ASSIGNMENT ->
Return every line from the one with "Mc Gill House | Peach Place" through the one with "Offre passaggio ad", inclusive, exactly as it appears below.

DATA EXTRACT ->
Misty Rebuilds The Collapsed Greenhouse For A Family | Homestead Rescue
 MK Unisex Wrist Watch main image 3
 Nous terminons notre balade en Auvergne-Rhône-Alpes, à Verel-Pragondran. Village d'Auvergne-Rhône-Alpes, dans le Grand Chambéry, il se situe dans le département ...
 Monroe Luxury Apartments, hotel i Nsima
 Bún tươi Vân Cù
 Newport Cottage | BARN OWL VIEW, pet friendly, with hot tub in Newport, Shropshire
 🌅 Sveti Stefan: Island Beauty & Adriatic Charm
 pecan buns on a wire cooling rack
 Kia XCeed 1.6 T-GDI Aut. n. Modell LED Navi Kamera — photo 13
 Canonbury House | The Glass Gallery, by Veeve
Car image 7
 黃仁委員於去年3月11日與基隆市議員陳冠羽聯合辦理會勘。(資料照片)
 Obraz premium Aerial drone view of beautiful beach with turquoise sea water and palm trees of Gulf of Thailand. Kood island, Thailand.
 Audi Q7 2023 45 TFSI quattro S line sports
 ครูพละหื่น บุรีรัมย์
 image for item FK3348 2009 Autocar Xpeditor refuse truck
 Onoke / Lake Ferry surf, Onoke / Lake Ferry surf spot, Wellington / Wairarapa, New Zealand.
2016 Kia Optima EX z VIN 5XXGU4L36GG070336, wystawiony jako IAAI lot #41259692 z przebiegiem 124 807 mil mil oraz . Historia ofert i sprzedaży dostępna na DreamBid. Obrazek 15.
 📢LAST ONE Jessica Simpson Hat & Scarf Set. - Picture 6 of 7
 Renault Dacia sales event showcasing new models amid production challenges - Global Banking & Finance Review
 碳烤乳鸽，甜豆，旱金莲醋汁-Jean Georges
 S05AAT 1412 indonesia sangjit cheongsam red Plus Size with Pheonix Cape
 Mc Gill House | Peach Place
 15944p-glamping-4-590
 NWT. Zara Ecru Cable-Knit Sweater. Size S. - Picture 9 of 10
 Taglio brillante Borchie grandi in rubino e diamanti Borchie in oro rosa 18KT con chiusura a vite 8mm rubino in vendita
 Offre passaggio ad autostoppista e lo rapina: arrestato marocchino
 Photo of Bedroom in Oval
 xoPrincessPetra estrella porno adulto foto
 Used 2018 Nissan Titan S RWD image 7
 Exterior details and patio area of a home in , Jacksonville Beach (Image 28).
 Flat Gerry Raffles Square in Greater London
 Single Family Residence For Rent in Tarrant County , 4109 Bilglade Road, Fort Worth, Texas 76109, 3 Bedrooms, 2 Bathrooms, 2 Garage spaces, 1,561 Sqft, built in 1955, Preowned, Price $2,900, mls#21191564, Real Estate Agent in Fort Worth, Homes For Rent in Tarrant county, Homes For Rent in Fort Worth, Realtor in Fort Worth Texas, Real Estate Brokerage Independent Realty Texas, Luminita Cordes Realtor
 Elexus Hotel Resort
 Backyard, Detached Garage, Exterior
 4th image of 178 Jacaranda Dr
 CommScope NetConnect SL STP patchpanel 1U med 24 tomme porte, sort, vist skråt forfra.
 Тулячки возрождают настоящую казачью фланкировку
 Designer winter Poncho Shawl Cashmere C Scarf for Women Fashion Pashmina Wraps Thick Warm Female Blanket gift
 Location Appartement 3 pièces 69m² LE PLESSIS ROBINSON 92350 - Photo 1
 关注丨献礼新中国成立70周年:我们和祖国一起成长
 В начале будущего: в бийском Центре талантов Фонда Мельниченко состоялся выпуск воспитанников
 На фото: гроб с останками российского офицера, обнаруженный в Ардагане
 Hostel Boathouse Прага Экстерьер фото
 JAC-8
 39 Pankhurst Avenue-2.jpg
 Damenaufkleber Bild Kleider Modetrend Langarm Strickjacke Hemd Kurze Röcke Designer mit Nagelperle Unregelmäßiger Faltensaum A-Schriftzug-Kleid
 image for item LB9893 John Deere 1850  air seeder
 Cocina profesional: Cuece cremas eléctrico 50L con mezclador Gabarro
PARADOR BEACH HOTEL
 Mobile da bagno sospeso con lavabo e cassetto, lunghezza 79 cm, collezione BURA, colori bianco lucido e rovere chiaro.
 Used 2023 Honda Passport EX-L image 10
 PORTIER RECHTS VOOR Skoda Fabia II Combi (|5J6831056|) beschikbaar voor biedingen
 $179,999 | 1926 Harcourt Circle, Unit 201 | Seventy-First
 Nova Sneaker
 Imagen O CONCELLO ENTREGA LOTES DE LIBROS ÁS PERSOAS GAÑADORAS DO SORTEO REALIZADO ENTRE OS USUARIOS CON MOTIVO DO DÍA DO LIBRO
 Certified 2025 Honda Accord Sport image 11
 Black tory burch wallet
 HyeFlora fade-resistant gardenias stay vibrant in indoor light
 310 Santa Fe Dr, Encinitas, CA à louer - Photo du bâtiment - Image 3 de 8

REPLY ->
 Mc Gill House | Peach Place
 15944p-glamping-4-590
 NWT. Zara Ecru Cable-Knit Sweater. Size S. - Picture 9 of 10
 Taglio brillante Borchie grandi in rubino e diamanti Borchie in oro rosa 18KT con chiusura a vite 8mm rubino in vendita
 Offre passaggio ad autostoppista e lo rapina: arrestato marocchino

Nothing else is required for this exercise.